● EXERCISE GOAL
A verbatim restatement of the data, free of pictures, is what you should output.

● DATA EXTRACT
....

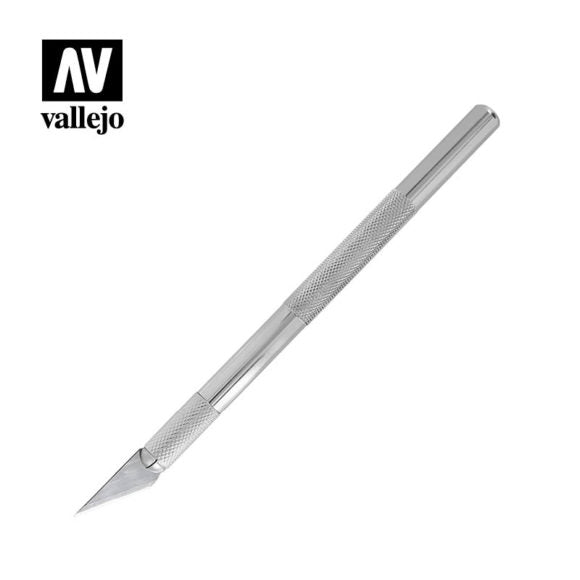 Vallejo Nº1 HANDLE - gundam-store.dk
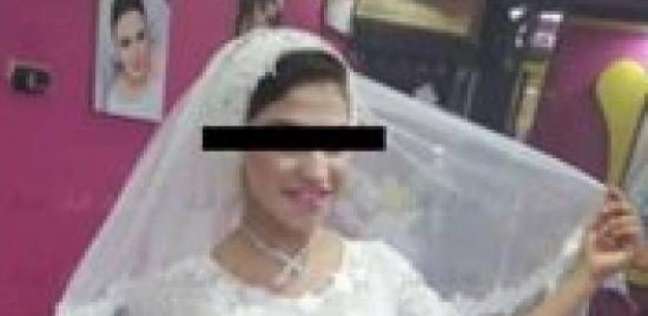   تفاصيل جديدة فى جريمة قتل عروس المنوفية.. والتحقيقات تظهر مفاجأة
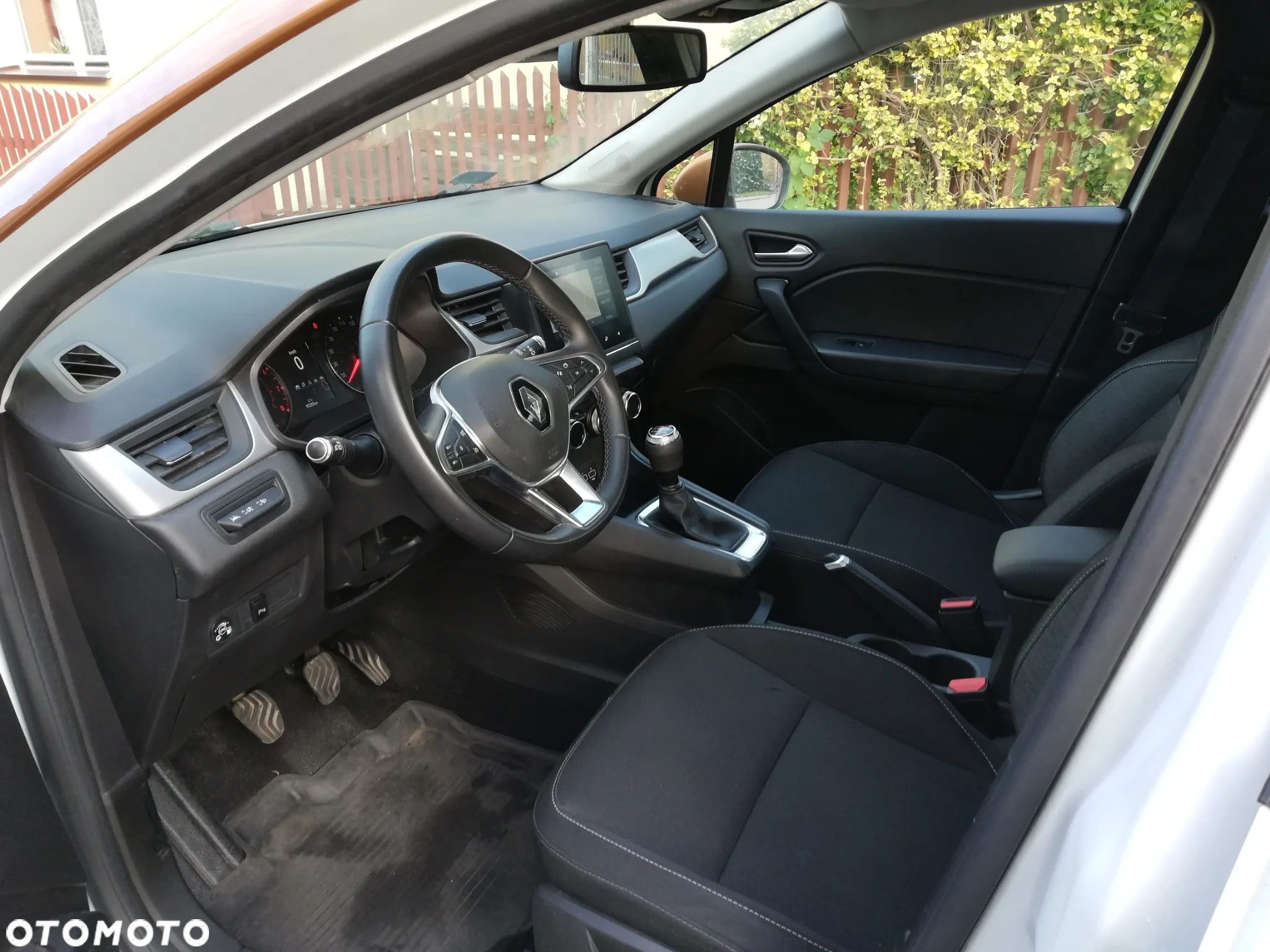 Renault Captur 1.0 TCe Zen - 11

....

● OUTPUT FOR THIS EXERCISE
 Vallejo Nº1 HANDLE - gundam-store.dk
   تفاصيل جديدة فى جريمة قتل عروس المنوفية.. والتحقيقات تظهر مفاجأة
 Renault Captur 1.0 TCe Zen - 11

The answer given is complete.